Dyne Therapeutics Receives FDA Fast Track Designation for DYNE-251 for the Treatment of Duchenne Muscular Dystrophy
Dyne Therapeutics, Inc. announced that the U.S. Food and Drug Administration (FDA) has granted Fast Track designation for DYNE-251 for the treatment of Duchenne muscular dystrophy (DMD) mutations amenable to exon 51 skipping. DYNE-251 is being evaluated in the Phase 1/2 DELIVER global clinical trial.
“Every day is critical for patients and their families, and we are pleased that the FDA granted Fast Track designation as this provides an opportunity to expedite the development of DYNE-251,” said Wildon Farwell, M.D., MPH, chief medical officer of Dyne. “Duchenne is a fatal disease and available therapies offer limited benefit.
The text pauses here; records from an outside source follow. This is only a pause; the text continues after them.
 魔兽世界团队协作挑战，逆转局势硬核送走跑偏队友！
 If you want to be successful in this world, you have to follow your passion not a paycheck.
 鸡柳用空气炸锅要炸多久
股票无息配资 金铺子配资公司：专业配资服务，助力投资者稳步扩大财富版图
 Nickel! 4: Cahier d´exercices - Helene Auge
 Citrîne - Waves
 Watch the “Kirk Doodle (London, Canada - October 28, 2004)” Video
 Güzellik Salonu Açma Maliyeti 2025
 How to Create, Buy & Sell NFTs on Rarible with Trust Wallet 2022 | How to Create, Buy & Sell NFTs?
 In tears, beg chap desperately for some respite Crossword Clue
We are focused on driving toward meaningful clinical data in our DELIVER trial anticipated in the second half of 2023 and continuing to work closely with the DMD community and the FDA to advance a potentially transformative therapy.”
The FDA grants Fast Track designation to facilitate the development and expedite the review of drugs to treat serious conditions and fill an unmet medical need, with the ultimate goal of getting important new drugs to patients earlier. A drug that receives Fast Track designation may be eligible for more frequent meetings and communications with the FDA and rolling review of any application for marketing approval, which may lead to earlier drug approval and access by patients. A drug receiving Fast Track designation also may be eligible for Accelerated Approval and Priority Review if relevant criteria are met.